L’Italia è carente nell’implementazione dei progetti. Questo sostiene Calenda, che al governo del Paese vorrebbe persone competenti ed esperte di amministrazione. Soltanto così, secondo lui, si potrà sperare di uscire dalle pastoie della pandemia.

Investendo bene le risorse che arriveranno (forse) dall’Europa nei prossimi anni, con gli obiettivi classici della buona amministrazione, dell’occupazione del personale, del miglioramento del ciclo produttivo, del contributo alla riduzione del deficit statale.

E’ quello che pensava, a torto, anche Berlusconi nel 1994, quando Forza Italia, Alleanza Nazionale e Lega Nord vinsero le elezioni dopo il “cambio”, come Vespa chiamò il passaggio dalla prima alla seconda repubblica.

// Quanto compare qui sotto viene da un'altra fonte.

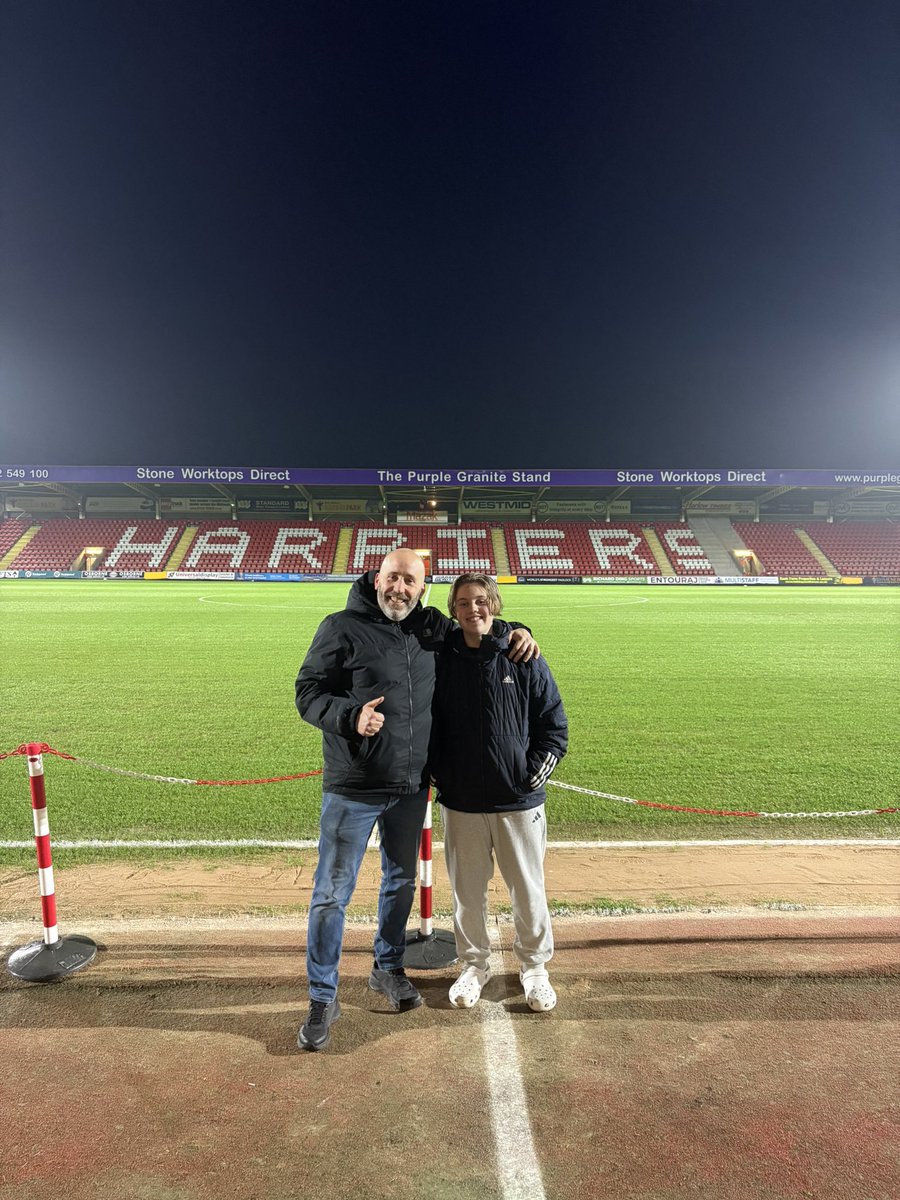 KHFCFoundation's tweet photo. 🏆 Dale &amp; Max, our competition winners, joined us for the Merthyr game last night 👏
Not the result we wanted on the pitch, but a great evening on the table — plus a chat with the skipper before kick-off ⚽️🦅
Want to join us next time? Keep your eyes peeled for your next chance https://t.co/WkDA17CJot
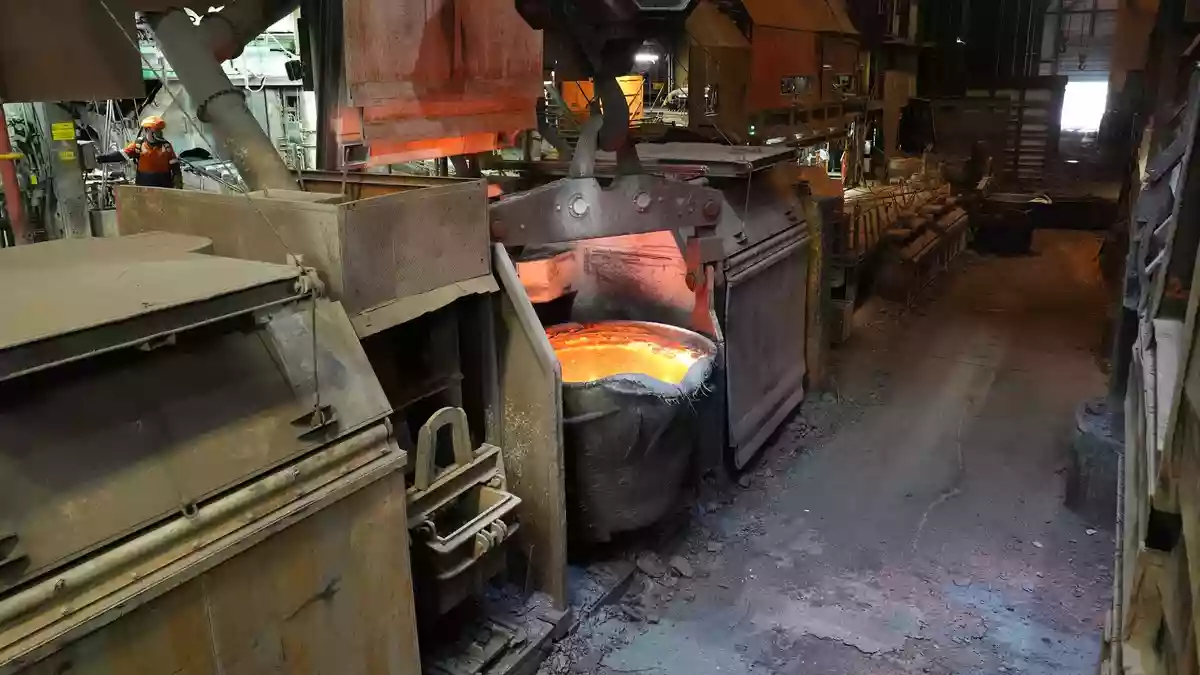 In der Aurubis-Hütte in Hamburg wird hochreines Kupfer produziert. (Archivbild) - Bild: Marcus Brandt/dpa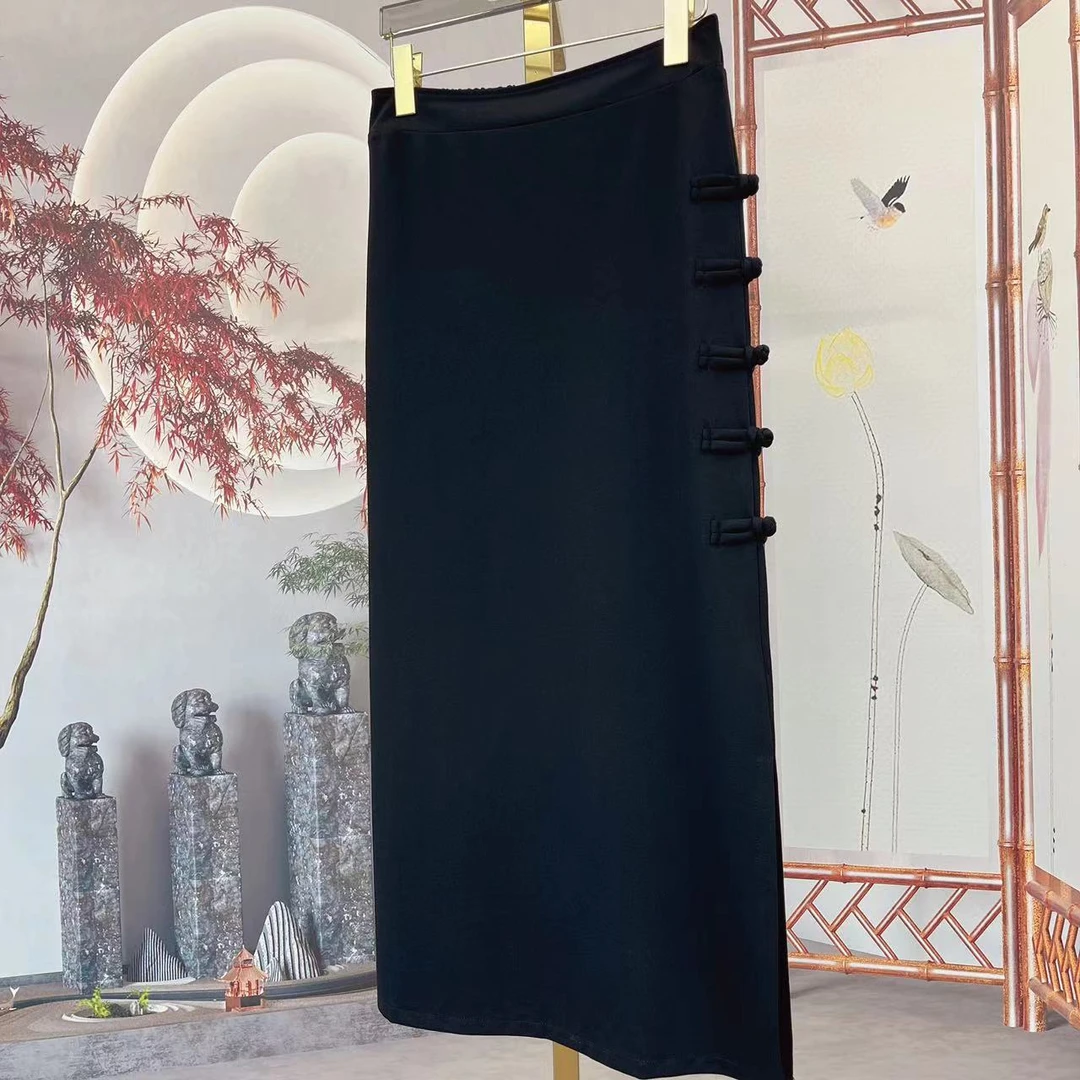 2025新款气质显瘦黑色半裙显高减龄妈妈装盘扣国风女装半身裙
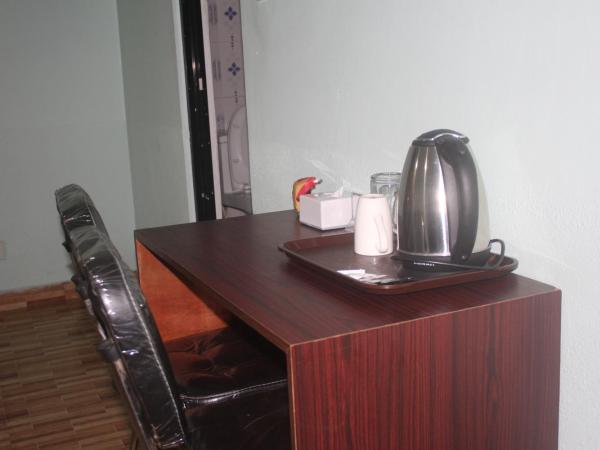 Yaksa Hotel Pvt. Ltd. : photo 2 de la chambre chambre double avec 2 lits doubles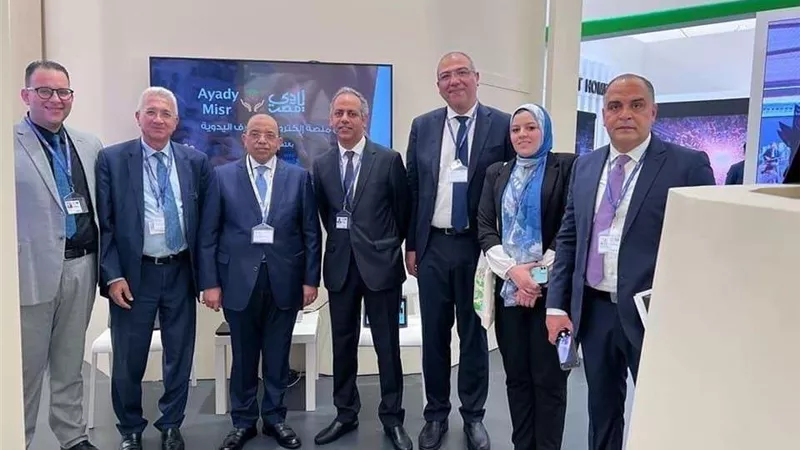 وزير التنمية المحلية يفتتح معرض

Berlusconi si accorse ben presto che la politica economica è altra cosa dalla gestione di un’azienda e si disimpegnò. Gli mancarono sostanzialmente due fattori: l’informazione e l’analisi.

Esattamente i fattori che mancheranno presumibilmente al prossimo Esecutivo, perché sono mancati ai precedenti, o, almeno, così è sembrato agli osservatori esterni.

La stampa, che in altri paesi svolge il ruolo della denuncia, è piuttosto silente su tematiche scomode, come la tutela del risparmio, che coinvolge interessi non dichiarati. E tante altre. Che dovranno essere oggetto di analisi, prima di qualsiasi atto amministrativo che non sia meramente conservativo.